The NYC mayoral race 2013

Detroit’s affordable. Mogadishu is even more affordable. That’s the way things are in cities where people want to live: expensive. The exceptions are fast growing cities with loose building standards so that supply of housing can keep up with demand.

And the repairs will be paid for by somebody else down the line.

I should hope you wouldn’t want to live in any of those, if NYC is your ideal.

You mean like gun control and nanny-state bullshit that conservatives so love?

Anyway, I thought we were supposed to be discussing the election here, not playing a NYC version of Dem vs Repub gotcha.

So it’s pretty clear that there is gonna be a runoff, and that Quinn is gotta get one of the slots. Who do you think will be the other candidate to make it to the runoff, DiBlasio or Thompson? And in a runoff of Quinn vs. “anti-Quinn,” do you think Quinn can manage a win?

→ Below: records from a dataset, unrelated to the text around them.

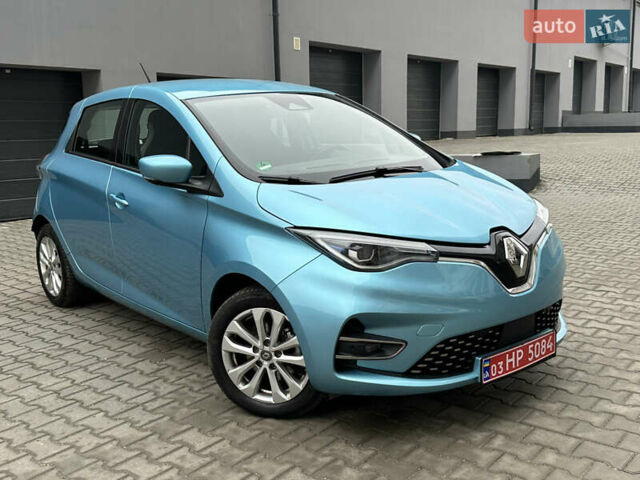 Синій Рено Зое, об'ємом двигуна 0 л та пробігом 47 тис. км за 12300 $, фото 1 на Automoto.ua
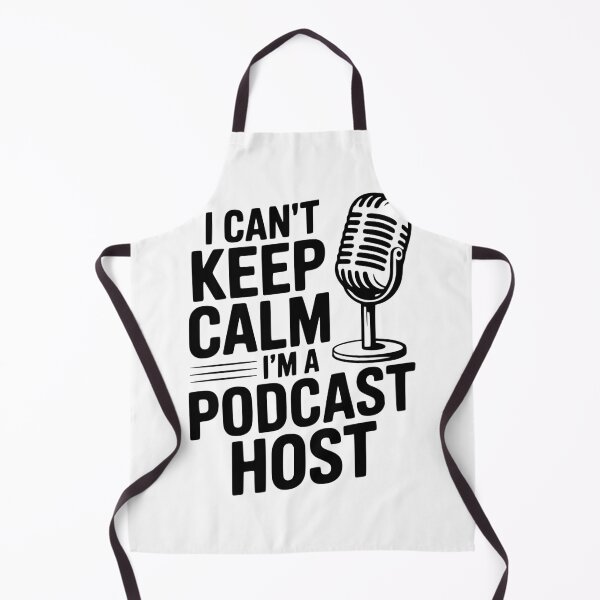 Item preview, I Can't Keep Calm I'm a Podcast Host designed and sold by Frank Ring.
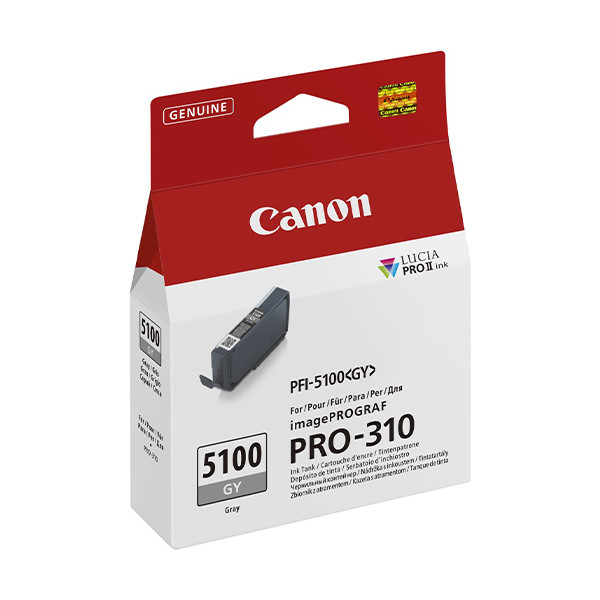 Canon PFI-5100GY cartouche d'encre (d'origine) - gris 083794 - 1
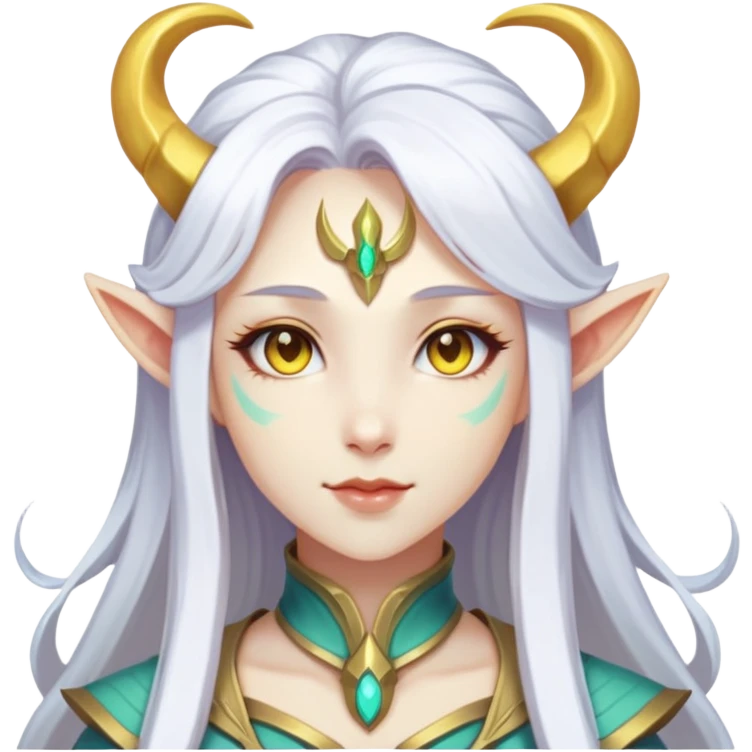 Soraka from League of Legends emoji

Apropos of nothing, old NY joke:

“What’s your name?”

“Anthony P. Quinn.”

“How do you spell ‘Quinn’?”

“C-O-H-E-N.”

“What does the ‘P’ stand for?”

“The ‘P’ is silent, like in water.”

“There’s no ‘P’ in water.”

“I can see you was never swimming in Coney Island.”

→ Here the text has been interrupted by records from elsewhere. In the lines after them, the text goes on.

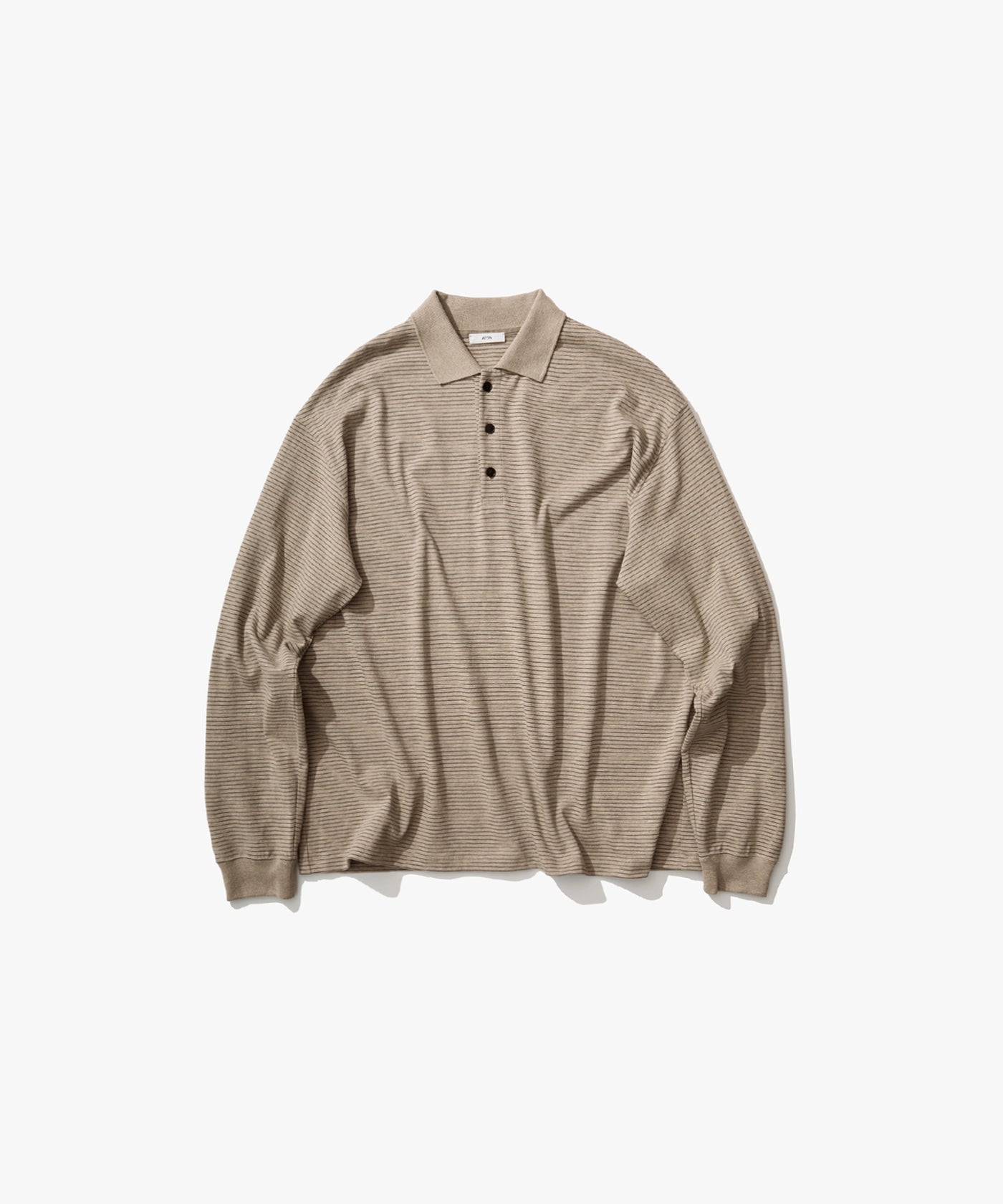 k*k様 ATON SUVIN DOUBLE JERSEY POLO JERSE SUVIN DOUBLE JERSEY | LONG SLEEVE POLO SHIRT – ATON | エイトン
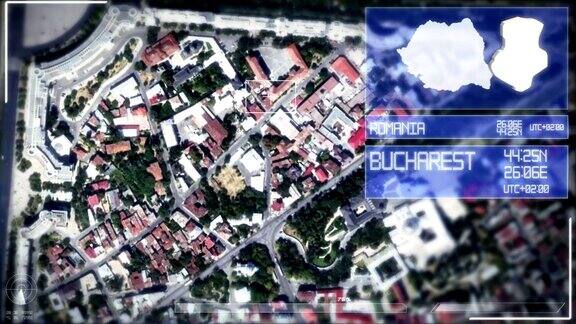 布加勒斯特的未来卫星图像视图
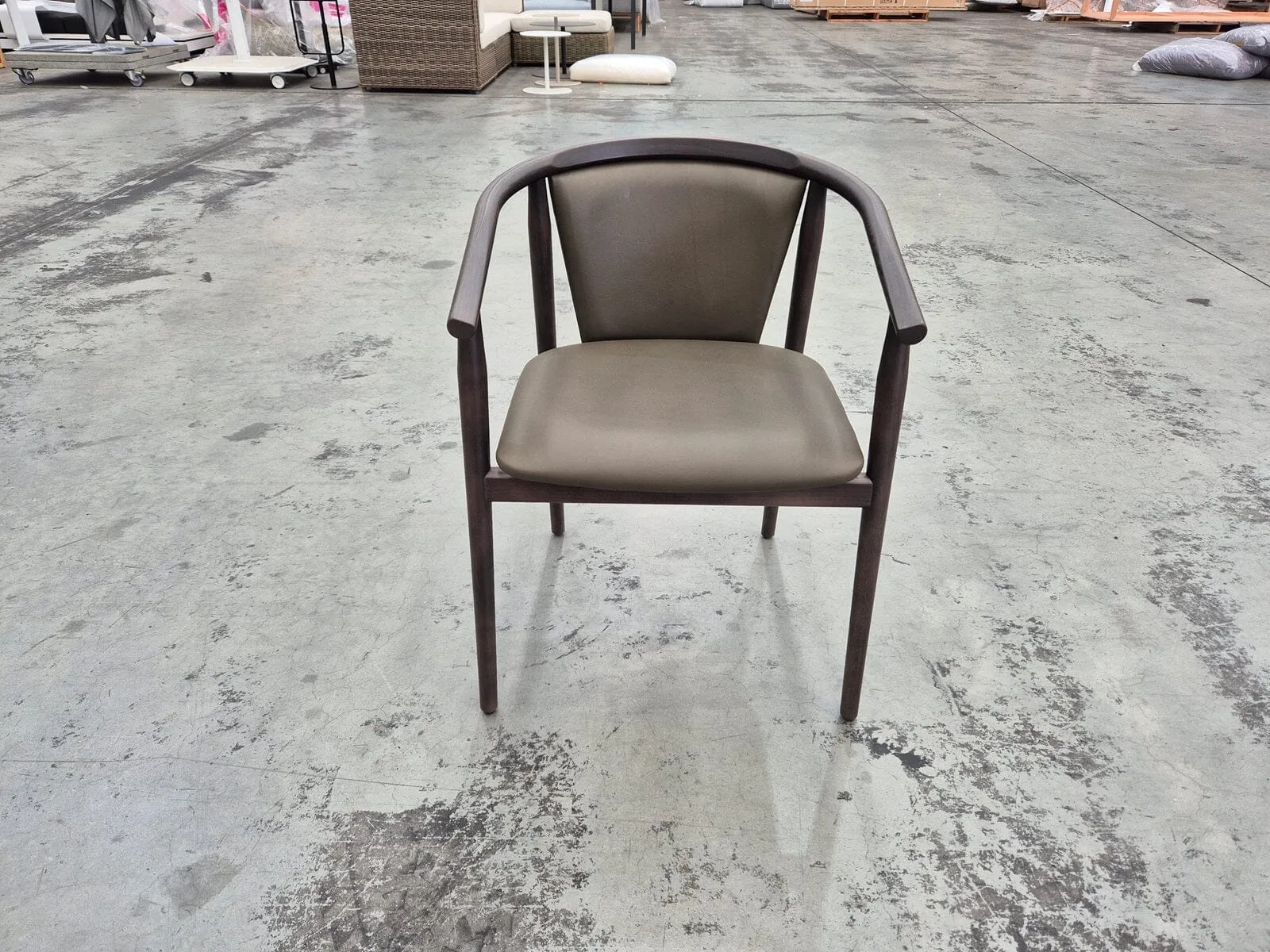 Otway Armchairs with Olive Leather (4)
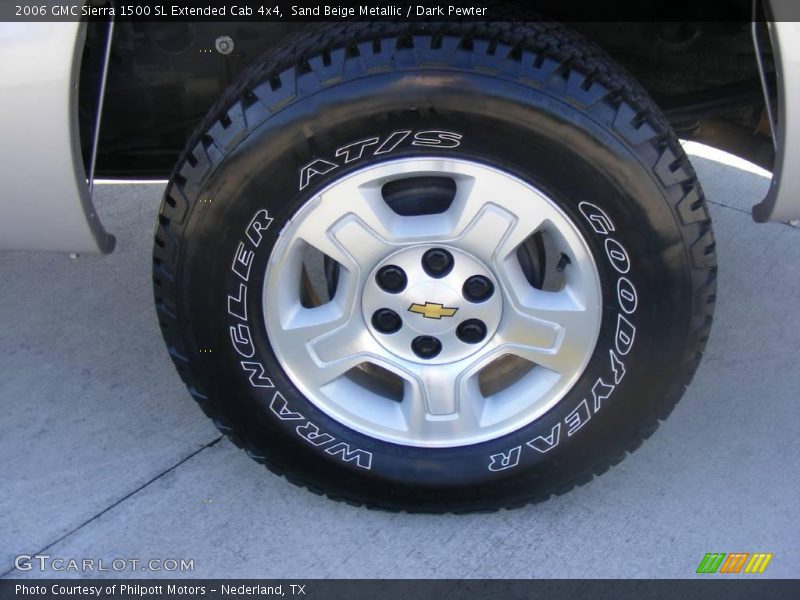 Sand Beige Metallic / Dark Pewter 2006 GMC Sierra 1500 SL Extended Cab 4x4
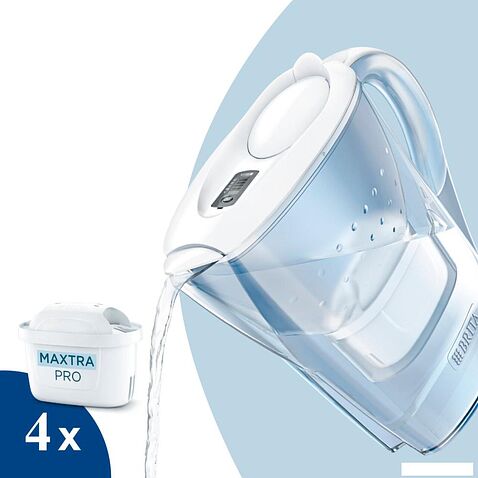 Кувшин BRITA Marella XL + 3 Maxtra Pro Pure Performance (белый)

I think de Blasio is in better shape than Thompson, and no, I do not think he can beat Quinn. I think that the only one who could beat Quinn was Weiner, and that is obviously no longer the case. I did not think this race could be more dismal two months ago, but I sure was proven wrong. So you never know.

I wouldn’t write off Thompson so quickly. He’s been making a big push for the black vote–there’s a Thompson ad I’ve been hearing constantly on black radio for the last week or so about how he’s “one of us” and how he was the only one to stand up to Bloomberg. If I didn’t already dislike Thompson, I might have been swayed to give him a second look. And he does have the backing of the teachers, police, and firefighters unions.

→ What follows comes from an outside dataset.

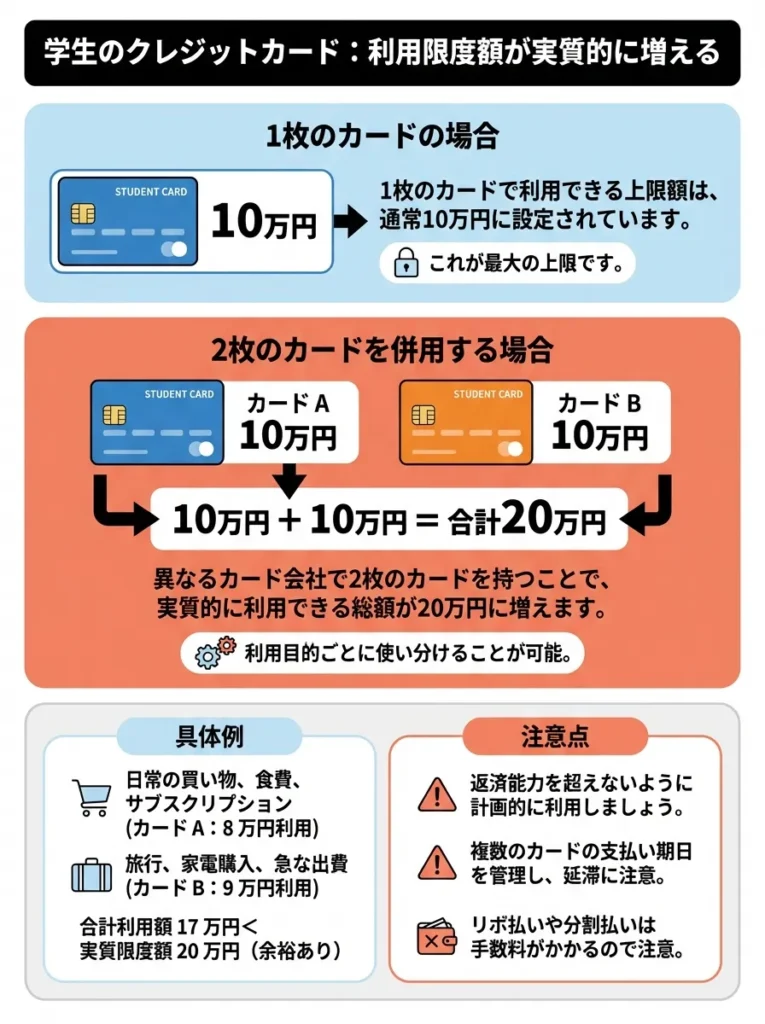 利用限度額が実質的に増える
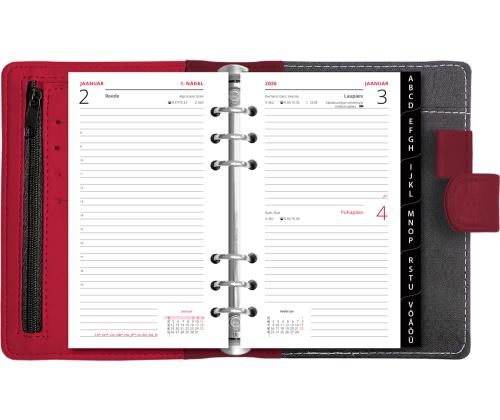 Time-Master kalender Compact A6 PÄEV, kunstnahk (TUMEPUNANE) 00601/40171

I actually think Weiner would have been an easier matchup for Quinn. His negatives were always higher than hers, even when he was leading in the polls. For people looking for an anti-Quinn, Thompson and DiBlasio are both pretty unobjectionable, even if they’re both uninspiring.

Oh, maybe we’re both wrong:

Poll puts de Blasio first in mayoral primary

Like I said, de Blasio is in better shape than Thompson. Unions are more or less split between them (de Blasio has SEIU 1199, which is enormous) and the unions that endorsed Thompson did so because back then, de Blasio’s numbers were horrendous.

This is the first time de Blasio’s numbers have had any signs of life. It’s just flirtation. The election is getting close and no saviors are forthcoming. I would be more optimistic if he were any kind of real progressive candidate. De Blasio, Thompson, and Quinn melted down in a crucible add up to one progressive. It’s really just a matter of which one motivates his/her little coalition enough to show up next month.

Great, they’re back to interest group politics again.

De Blasio now leads in a Quinnipiac poll.

Who’s “they,” New Yorkers or Dems?

We’ve gone from candidates with broad appeal(Giuliani and Bloomberg) back to balkanized politics.

Uh, no one ever left interest group politics. No one ever does.

That’s hilarious.

Bloomberg and Giuliani have supposedly “broad appeal” at the national level because people who read about them outside NYC have absolutely nothing at stake and no sense of the peculiarities of local issues. Bloomberg’s and Giuliani’s politics goes through a national level filter. In NYC they are balkanized players just like everyone else.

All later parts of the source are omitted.